# RECORDS PROVIDED
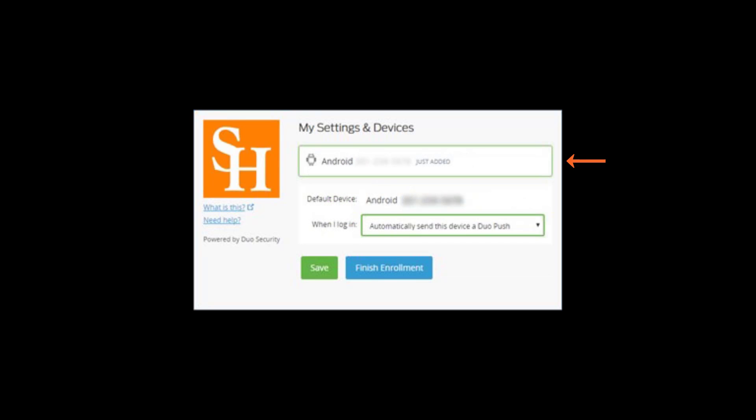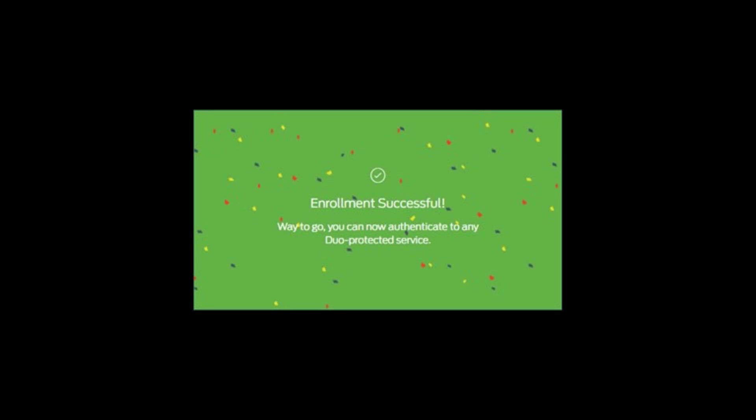Your phone number will now show up for confirmation. Because Duo push on your mobile device is the most convenient way to use Duo two-factor authentication, you can select Automatically send this device a Duo push from the drop-down box. Click Finish Enrollment. The enrollment process is now complete.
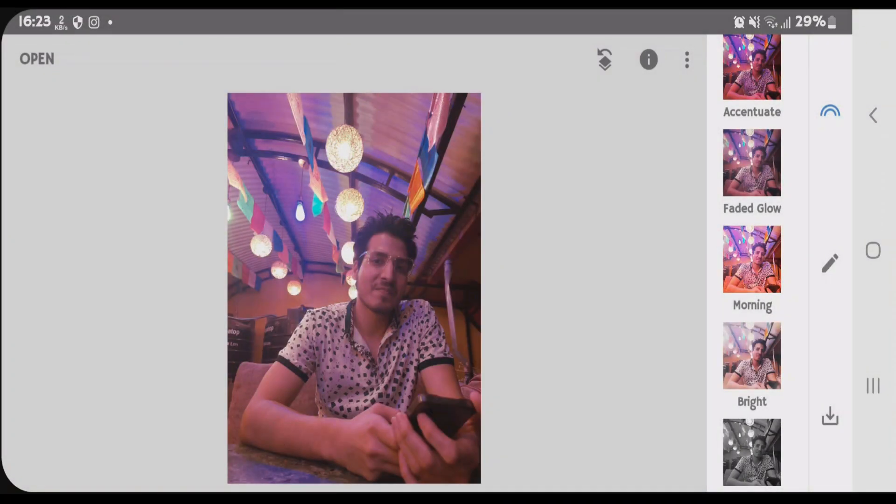So that's how you perform the Snapseed QR code editing. If you like this video, then just give a thumbs up and don't forget to subscribe my channel. Okay, bye.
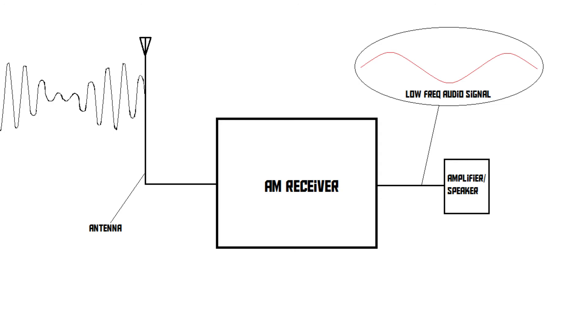The main disadvantage of AM radio is interference. A lightning strike or other electronic devices can produce electromagnetic radiation that can change the amplitude of the signal. Since AM radio relies on amplitude for carrying the information, this interference will get converted into sound by the receiver, which is what we call noise.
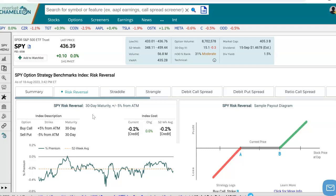The idea here is that when you're tracking options, there are lots of different strategies that you could use by combining options. One of them is the risk reversal, where you buy an out-of-the-money call and sell an out-of-the-money put, or the reverse of that. What we want to do is track the cost of it to see what the cost is and how that compares to its historical average.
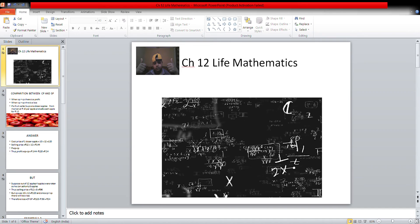But suppose out of 12 apples, 4 apples were rotten, so he can sell only 8 apples. The selling price equals 12 rupees multiplied by 8 equals 96 rupees. The CP was 10 multiplied by 12 equals 120 rupees. Since CP is greater than SP, there will be a loss. Therefore, loss equals CP minus SP.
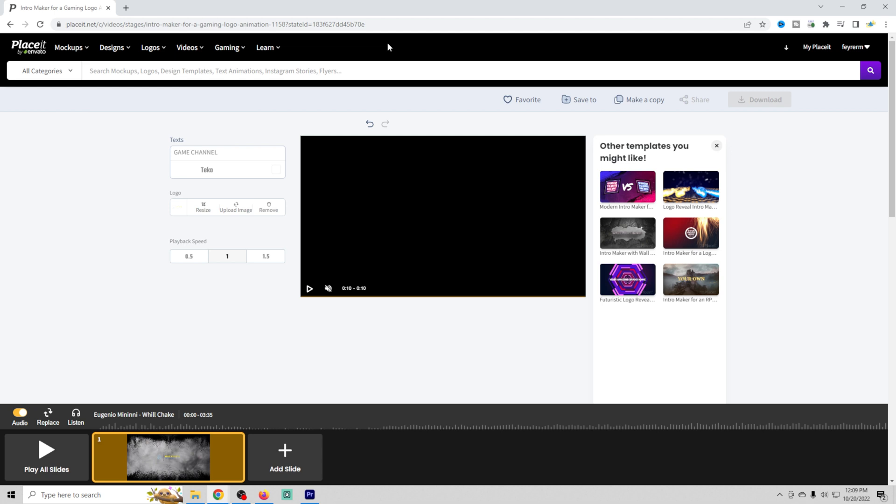So logos, banners, intro videos, all of that stuff I use Envato Placeit. What an absolutely awesome tool.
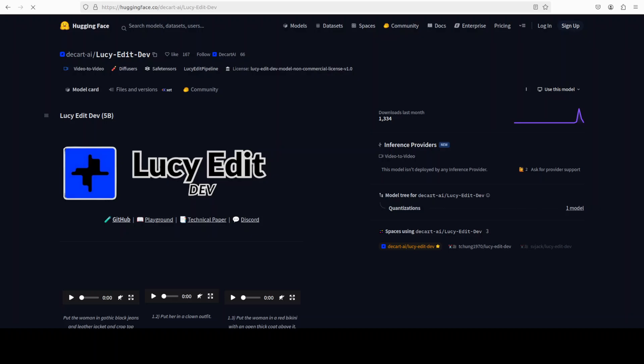And now we have a video editing model in just 5 billion parameter size. Lucy Edit Dev is an open weight instruction guided video editing model that enables precise free text driven modification to existing video content without requiring any mask, any keyframe, or fine tuning.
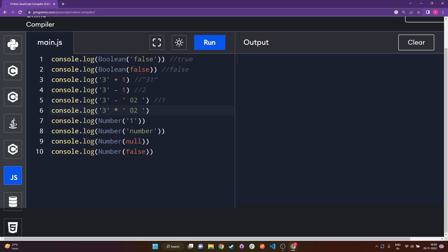For subtraction as well as multiplication, when we use multiplication and either part is a string, the string gets converted to a number as well. So there will be a proper multiplication between the two numbers, and we will get 3 multiplied by 2, which is 6.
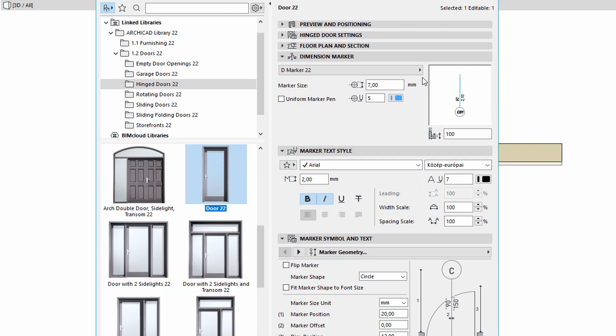Only the marker specific settings and the preview of the marker can now be found on the dimension marker tab page.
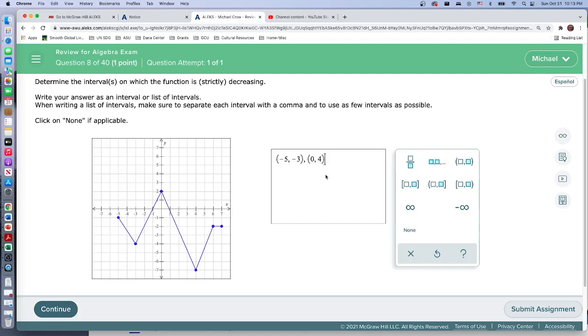The list of intervals where it is strictly decreasing - increasing here, increasing there, constant there - so just these two intervals. That's what we get. Thanks.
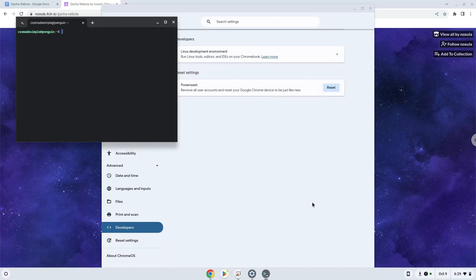Now that we have enabled Linux apps on our system, we will continue to the next step, which is to download the installation package from their website.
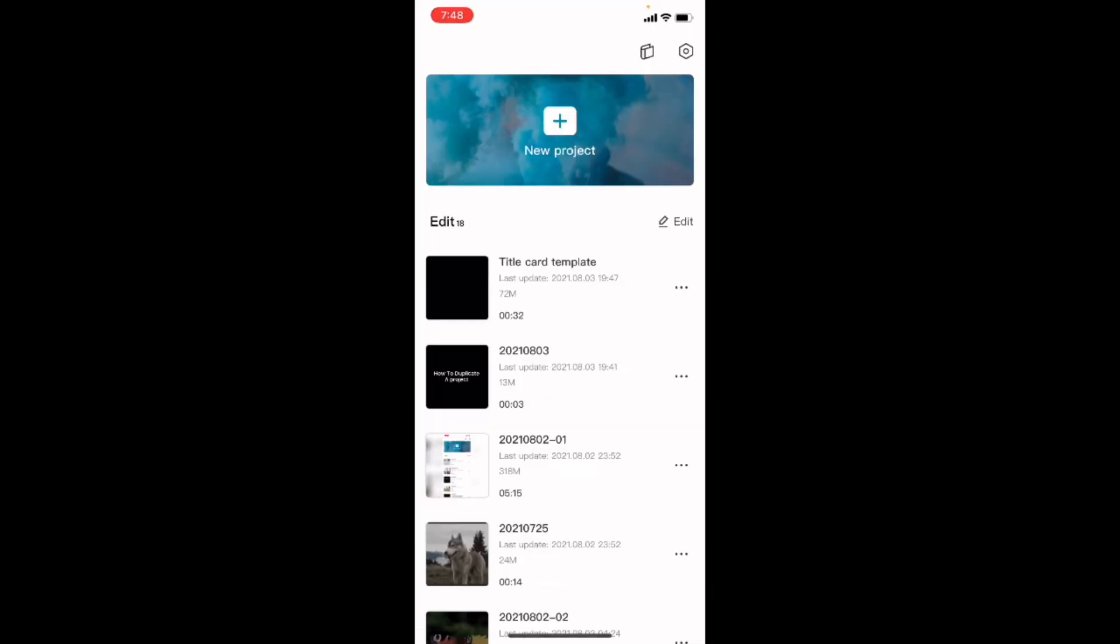And you'll be taken back to the CapCut project screen. Notice that we have both our duplicate project title card template and our original project with the default name still in the project list.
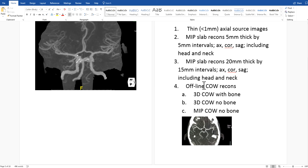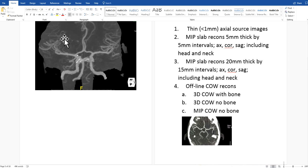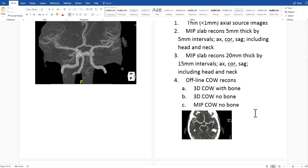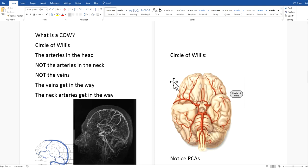This video is how to make these offline COW reconstructions. For reference, these 20mm thick slab recons will have the bones, vessels out to the edge, and the veins. When doing our COW recons, we'll be removing some bone and veins and maybe some peripheral vessels, but that other information will be on the other series — the thick MIP slabs and the thin source image axials.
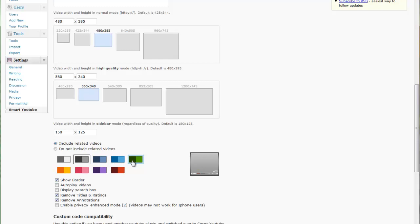Currently he's only got this choice of nine colors. I imagine sometime down the road he'll probably add something to allow you to choose your own set of colors. So find a color that fits closest to your scheme of your website and choose that. You can have it autoplay videos, which is very annoying.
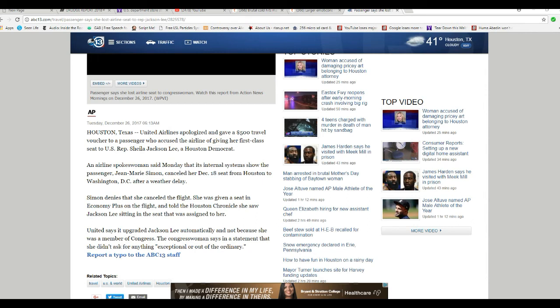And this is why so many of us can't stand Sheila Jackson Lee. And in my case, it's the white liberals that really get me rankled, much more so than blacks. The white liberals really get me angry.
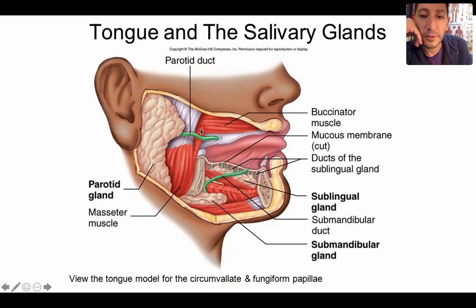Here's a diagram with all three salivary glands. The parotid goes up toward the ear. Then under the jaw you have your submandibular gland. And just under the tongue, you have your sublingual gland.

# REQUIREMENT
Look above for the line with "Currently he's only" and the line with "And this is"; set down those two lines and all lines between them exactly, without pictures and without anything else.

# YOUR RESPONSE
Currently he's only got this choice of nine colors. I imagine sometime down the road he'll probably add something to allow you to choose your own set of colors. So find a color that fits closest to your scheme of your website and choose that. You can have it autoplay videos, which is very annoying.
And this is why so many of us can't stand Sheila Jackson Lee. And in my case, it's the white liberals that really get me rankled, much more so than blacks. The white liberals really get me angry.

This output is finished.